--- Dataset entries Enclosed Below ---

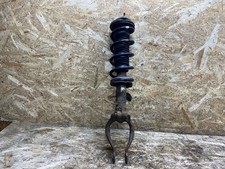 Amortisseur Infiniti G37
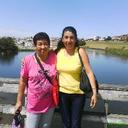 m. isabel iturralde - @isa_iturralde - Twitter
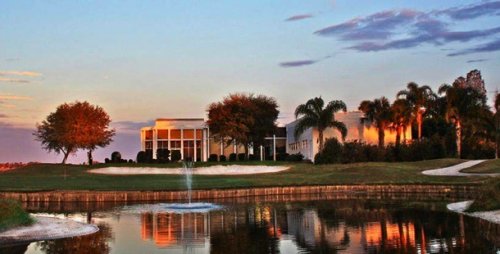 Топ-25 Самых дорогостоящих хобби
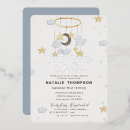Buscar twinkle twinkle little star invitaciones Para todos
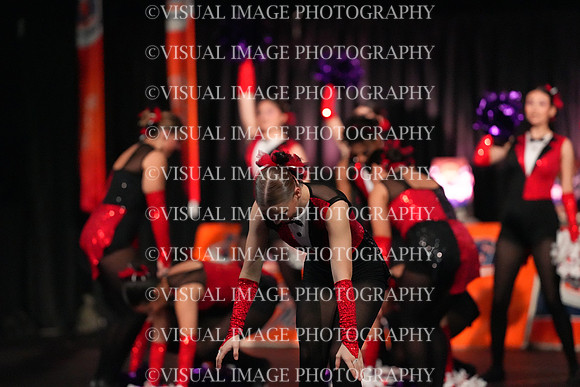 ILDANCE_25_2010024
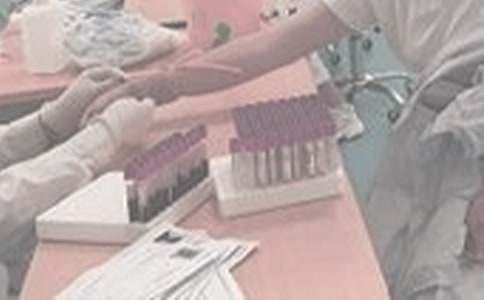 �w�z�Ƃ�(g��)����K����(b��o)��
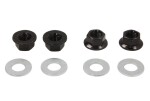 Rattamutter AB85-1260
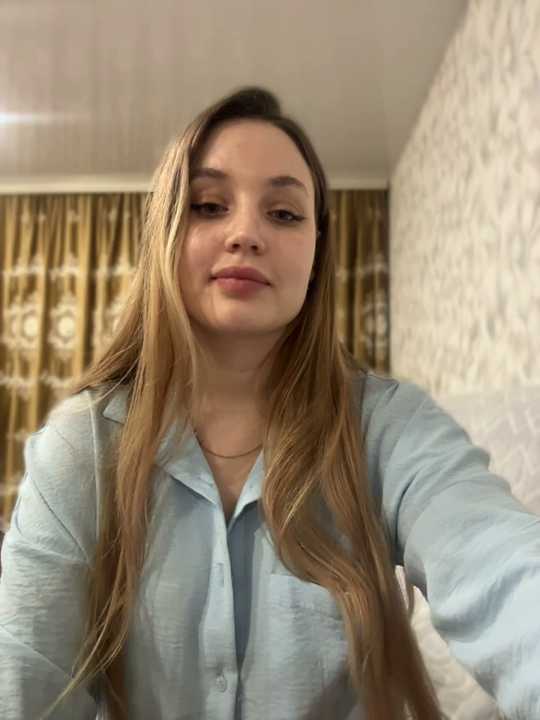IvySugar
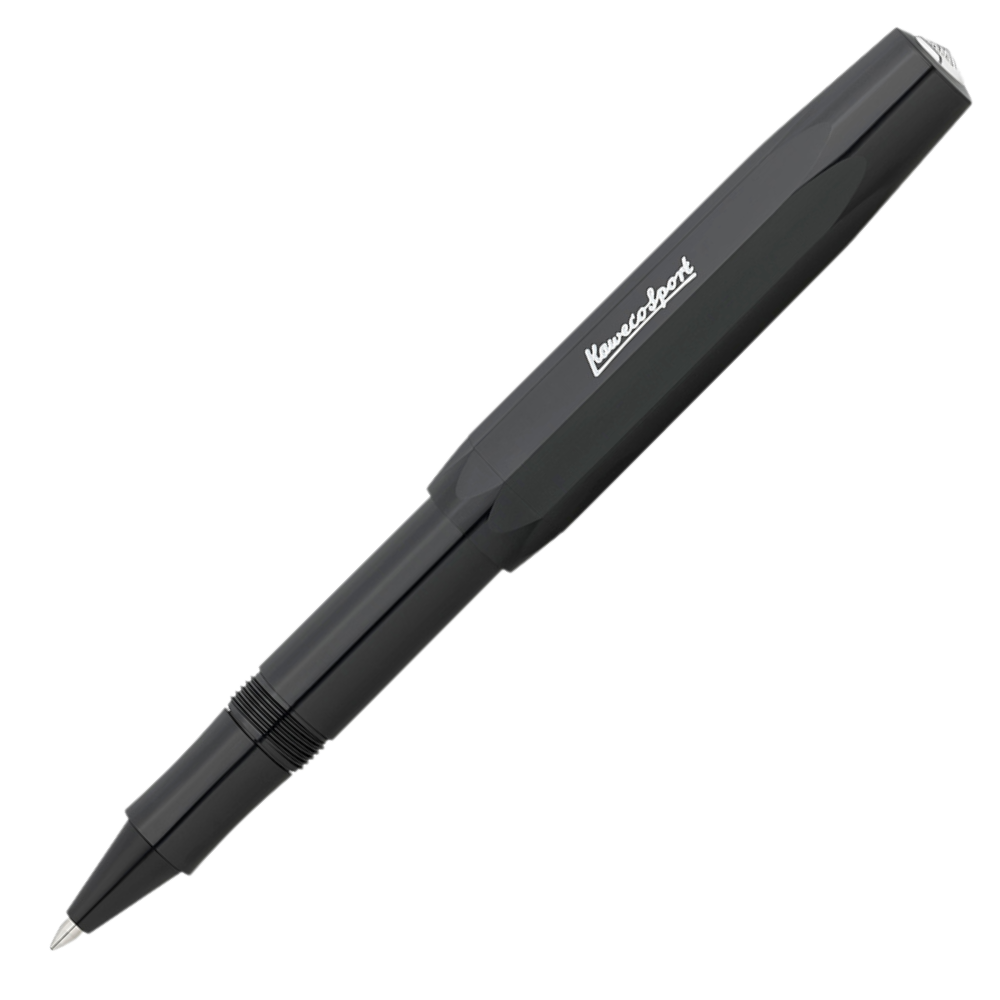 Kaweco SKYLINE Sport Collection Rollerball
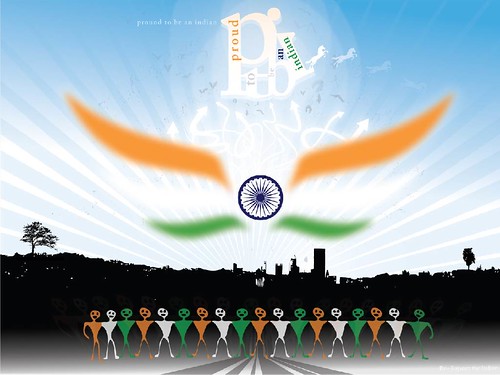 Happy Republic day wishes to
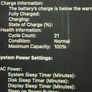 Macbook Pro (16" M5 Pro 1tb Ssd 24gb Ram) Image 7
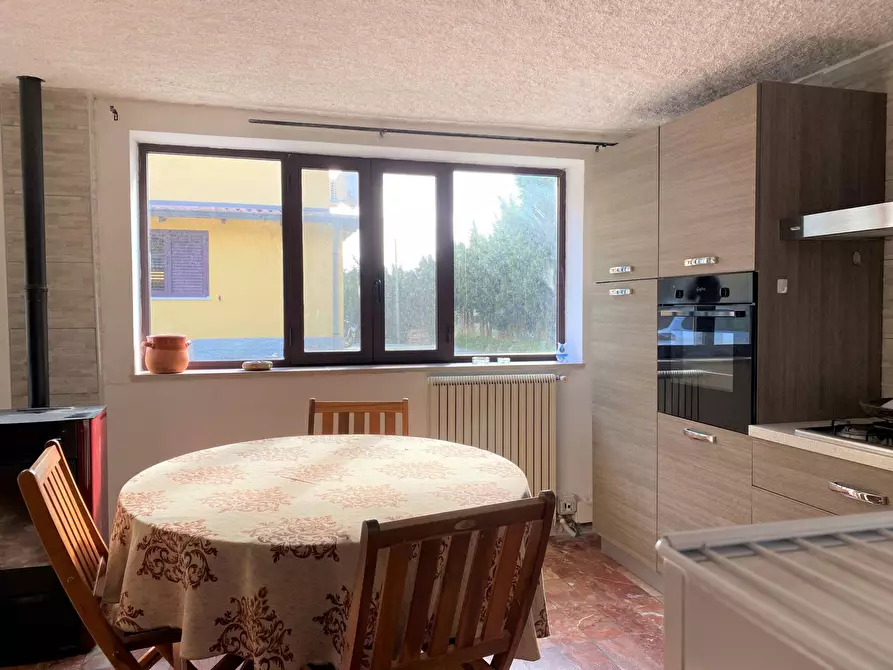 Immagine 3 di Appartamento in affitto  in viale Europa 14 a Catanzaro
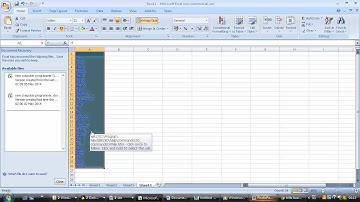 blitz basic 3d part3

--- End of Enclosed Dataset entries ---

[What is expected]
All of the records above should be returned exactly, though the pictures should not.

[Answer space]
 Amortisseur Infiniti G37
 m. isabel iturralde - @isa_iturralde - Twitter
 Топ-25 Самых дорогостоящих хобби
Buscar twinkle twinkle little star invitaciones Para todos
 ILDANCE_25_2010024
 �w�z�Ƃ�(g��)����K����(b��o)��
 Rattamutter AB85-1260
IvySugar
 Kaweco SKYLINE Sport Collection Rollerball
 Happy Republic day wishes to
 Macbook Pro (16" M5 Pro 1tb Ssd 24gb Ram) Image 7
 Immagine 3 di Appartamento in affitto  in viale Europa 14 a Catanzaro
 blitz basic 3d part3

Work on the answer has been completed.